Pirating Software? Choose Microsoft!
An anonymous reader writes "ArsTechnica is running a story regarding comments by Microsoft Business Group President Jeff Raikes, who had a pithy comment on the subject of software piracy. His view is that, should software piracy occur, Microsoft's desire is that the pirated software should be theirs. Potentially, in the future, they could then convert the illegal users from the 'dark side' into legit users who obtain licenses. 'We understand that in the long run the fundamental asset is the installed base of people who are using our products. What you hope to do over time is convert them to licensing the software.' Obviously Microsoft prefers the market to use their software even if it's pirated, rather than the alternative: the use of free software."
Yeah, this is obvious, and I'd argue that it's not really even news. I'm not sure that Microsoft has ever tried to hide the fact that they would prefer people run their software, even if that means they're running a pirated version. It's just that they've never openly stated this until now.
If every person who pirates Microsoft software suddenly switched to Ubuntu and OpenOffice, suddenly the Microsoft lock-in (eg. doc files, wmv videos, wma audio files, etc) would not be quite as powerful as it is at the moment.
The BSA's latest study says $200 billion in software will be pirated in the next 4 years. Is software piracy "theft" like robbery is "theft"? If the software publisher prefers people to steal their software rather than use alternatives, how is that "theft"? Does the jewelry store prefer that their diamonds get stolen rather than having the thief wear cubic zirconia? http://www.bsa.org/globalstudy/upload/2005%20Pirac y%20Study%20-%20Official%20Version.pdf [PDF]

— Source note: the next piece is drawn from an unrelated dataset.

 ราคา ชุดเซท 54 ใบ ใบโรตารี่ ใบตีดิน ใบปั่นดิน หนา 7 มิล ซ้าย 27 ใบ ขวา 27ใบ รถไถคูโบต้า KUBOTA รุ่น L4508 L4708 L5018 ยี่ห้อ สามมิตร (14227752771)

It's not even a surprise historically...Microsoft could have tightened up it's copy protection years ago, but didn't. Why? Because they wanted to be the standard!
Lot of people don't remember it, but it used to be that Microsoft software was the easiest to install. Other people were doing dongles, and phone activation, and all this crap, and to get Office, you just bummed a disk, and copied an activation code off the internet. Easy as pie.
Then they clamped down on the business users, and made a mint. Now they're working on the home users. I doubt they expect WGA to be genuinely effective, and I doubt they even want it to be...All it is is a gentle push to move some of the more pedestrian pirates into buying legal copies.
ad logicam Claiming a proposition is false because it was presented as the conclusion of a fallacious argument.
Here in Brazil, Sérgio Amadeu, head of ITI (Instituto Nacional de Tecnologia da Informação, Portuguese for National Information Technology Institute), claimed that Microsoft tactics are those of a drug dealer: provide the stuff for free or nearly free, get the "customer" to be addicted, and then get money out of him. He was legally threatened by Microsoft for saying so. http://www.linuxjournal.com/article/7654.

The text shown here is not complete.